DATA FOR THIS EXERCISE »
▬▬▬▬▬▬

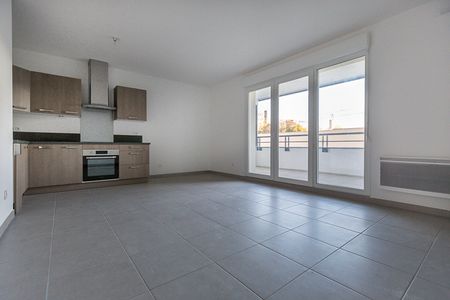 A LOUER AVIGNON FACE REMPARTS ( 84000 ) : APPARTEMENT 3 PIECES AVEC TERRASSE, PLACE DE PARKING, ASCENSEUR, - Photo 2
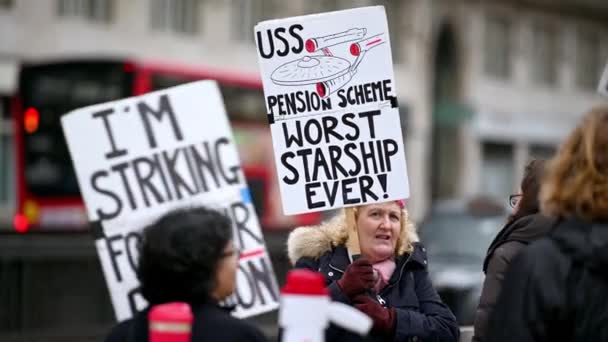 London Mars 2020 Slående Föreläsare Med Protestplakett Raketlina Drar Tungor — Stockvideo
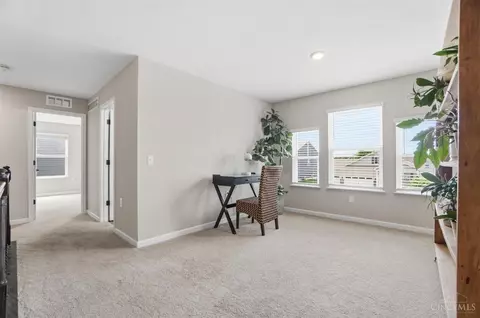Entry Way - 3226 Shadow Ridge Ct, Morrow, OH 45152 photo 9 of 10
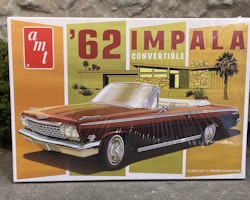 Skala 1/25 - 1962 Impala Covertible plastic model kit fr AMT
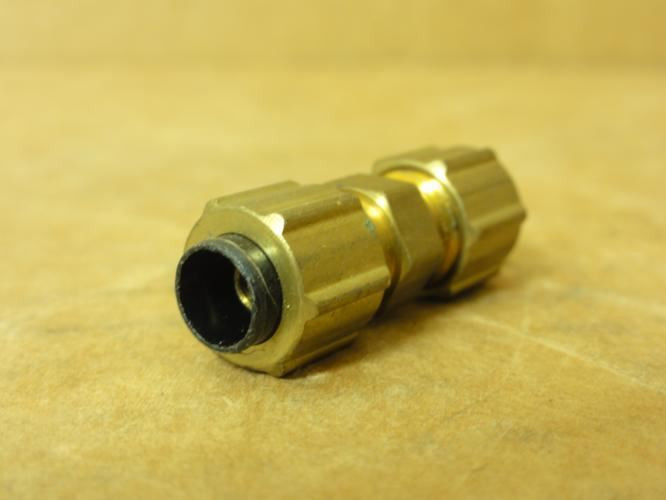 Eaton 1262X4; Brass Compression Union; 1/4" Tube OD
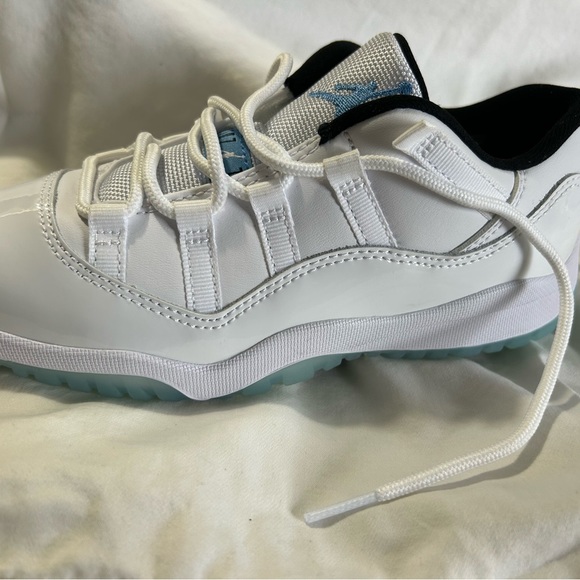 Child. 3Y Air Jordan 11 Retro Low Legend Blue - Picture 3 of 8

▬▬▬▬▬▬

Transcribe each record exactly as it appears, but omit every picture.

 A LOUER AVIGNON FACE REMPARTS ( 84000 ) : APPARTEMENT 3 PIECES AVEC TERRASSE, PLACE DE PARKING, ASCENSEUR, - Photo 2
 London Mars 2020 Slående Föreläsare Med Protestplakett Raketlina Drar Tungor — Stockvideo
Entry Way - 3226 Shadow Ridge Ct, Morrow, OH 45152 photo 9 of 10
 Skala 1/25 - 1962 Impala Covertible plastic model kit fr AMT
 Eaton 1262X4; Brass Compression Union; 1/4" Tube OD
 Child. 3Y Air Jordan 11 Retro Low Legend Blue - Picture 3 of 8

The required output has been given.